Child migrants flock to World Cup host
The World Cup has football fans in its grip, but away from the main spectacle in South Africa, children, some alone, are fleeing Zimbabwe and flooding in to the country. UK charities are among those working with them.
Leeroy Sibanda is 16. The eldest child in his family, he has left his brother, sisters and mother in Zimbabwe to cross illegally in to South Africa to seek work.
According to Save the Children, he came from Harare but lacked the proper immigration documents and was refused entry at the official border point between the two countries.
Instead, he swam the Limpopo river crossing.
He survived the crocodiles, but was greeted on the other side by the goma-goma - robbers who occupy the areas of bush land along the border and prey on refugees who try to cross.
They stole all the money he had - R150 (£13) - and beat him up.
His story is not unusual in Musina, the South African town a few miles from the border with Zimbabwe to the north.
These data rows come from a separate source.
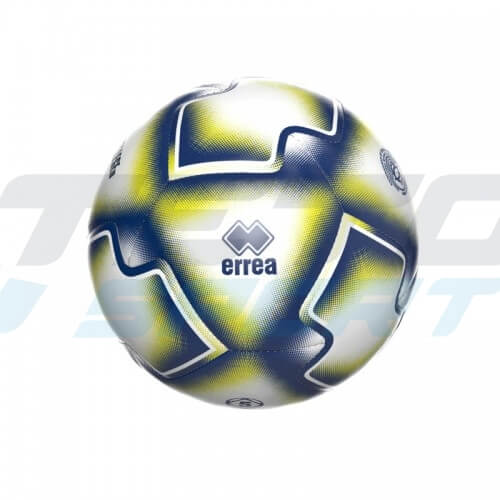 Pallone College ID Errea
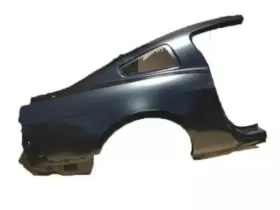 Ar3z-6327840-a Ford Genuine Quarter Panel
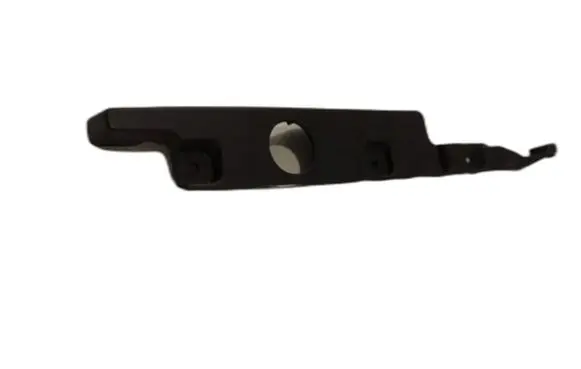 Chevrolet Orlando Fender end trim 95235005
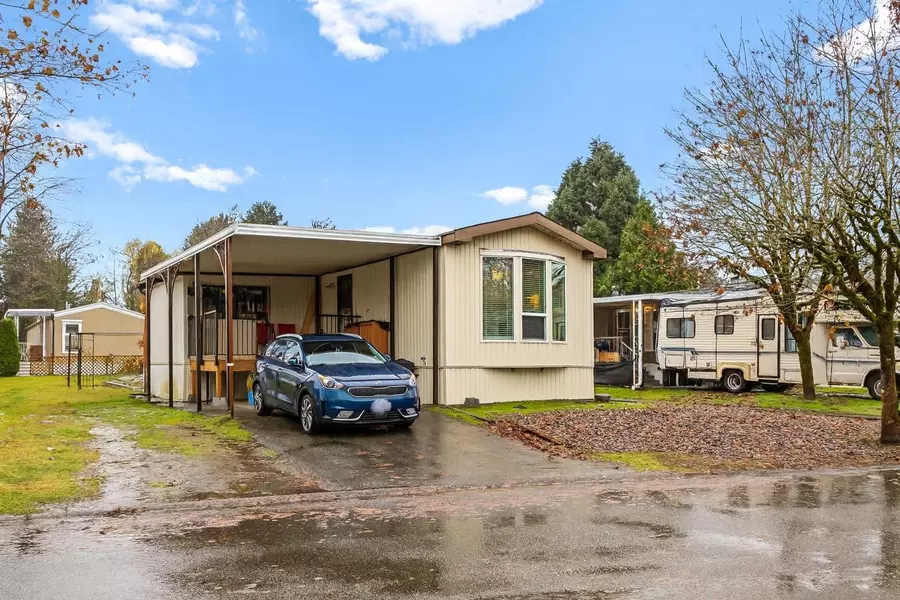 145 King Edward ST #79, Coquitlam, BC V3K 6M7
Ashley Brighton, also 16, is from Matabeleland. He left a brother, sister and parents in Zimbabwe to escape the food shortages and to try to regain the education he cannot have at home - until February Zimbabwean teachers were on a year-long strike.
Both are now among the 148 boys under 18 in the care of a transit centre run by a local church. Most are about their age.
It gives them shelter during the months it takes to process their asylum applications.
Save the Children works there, and with women and girls in the town's female shelter.
Africa's busiest route
Musina is on reputedly the busiest road in Africa, a main route linking South Africa with the rest of the continent and the funnel for thousands of Africa's refugees seeking work in the big cities like Johannesburg to the south.
Figures released by the United Nations High Commissioner for Refugees on 15 June put the number of new asylum claims in South Africa in 2009 at more than 222,000. It was the single largest asylum destination in the world.
A handful of non-governmental bodies and government agencies work in the town.
Save the Children operates out of an office, and a converted shipping container nearer the border, decked in the charity's livery.
It's a first port of call for famished and thirsty children who have often walked for days to reach them, cutting holes in the border fence to get there.
"The ones getting to the entry point, they have already been through so much," says Ida Asia, the charities director of programmes in Musina.
"They have been bitten by snakes; there are crocodiles in the Limpopo. There are adults hanging around in the bush, the goma-gomas, preying on people, waiting for people coming through, taking their money and belongings.
"Guys say they will carry you through the river, but you have to pay. Children from Zimbabwe don't have money, so have to pay by other means, so they are being raped and assaulted on a daily basis.
"You have to remember they are only children."
World Cup's promise
The charities see far fewer girls than boys, they believe because girls can be more easily hidden during the border crossing, or silently absorbed into domestic work, or trafficked and tricked into prostitution.
"The whole childhood has gone," says Ida.
"The few girls we see, most of them are pregnant or have a baby already, at 14, 15, 16. From a relationship or from being raped coming through the bush land."
The charity's Cheryl Blankenberg says there is "a high probability" the World Cup has increased the number of children who have crossed recently, attracted by the tournament's economic promise.
"The World Cup may make it seem like the streets of the big cities are paved with gold but in reality a child's life here may be more dangerous and poverty-stricken than the one they left behind," she says.
Since the tournament began, there have been almost 50 new arrivals at the transit centre, taking the total number of boys and girls staying to more than 200 for the first time in six months.
'Wolves in sheep's skin'
So what can any charity usefully do there?
"We provide quite a range of services," says Anna Mundanga, the transit centre's assistant manager. "Food, shelter, a blanket, clothes, hygiene kits.
"We provide counselling and send them to school if they want to go."
Sixty of the boys have a school place; the others attend an informal school at the centre. There is healthcare, HIV medical care, paralegal help.
All the children's details go into a database, to keep track of them, to monitor those who repeatedly try to enter and to reunite them with their families if possible.
The grim situation for refugees heading for Musina was highlighted in a report from the International Organisation for Migration, "Wolves in sheep's skin" released earlier this year.
It reported evidence of migrants trafficked for "sexual exploitation, sexual slavery, labour exploitation, forced criminal activity and extortion" and pinpointed girls and unaccompanied minors as being most at risk.
It suggests solutions - better training for staff to identify trafficking, a strengthening of the government's role with community groups, better health care, more staff, more shelter, better organised repatriation.
Staff in Musina say the governments of South Africa and Zimbabwe must set out what agencies should be doing with the children.
And there is optimism that the World Cup can help. Anna hopes the tournament will improve people's perception about Africa.
While her charges are frustrated they cannot reach the cities where the tournament is played out and benefit from its supposed riches, they remain positive.
"The World Cup is good for South Africa it will bring in foreign currency. It will make South Africa a rich country," says Leeroy.
"It's a big event that will unite all the people," adds Ashley.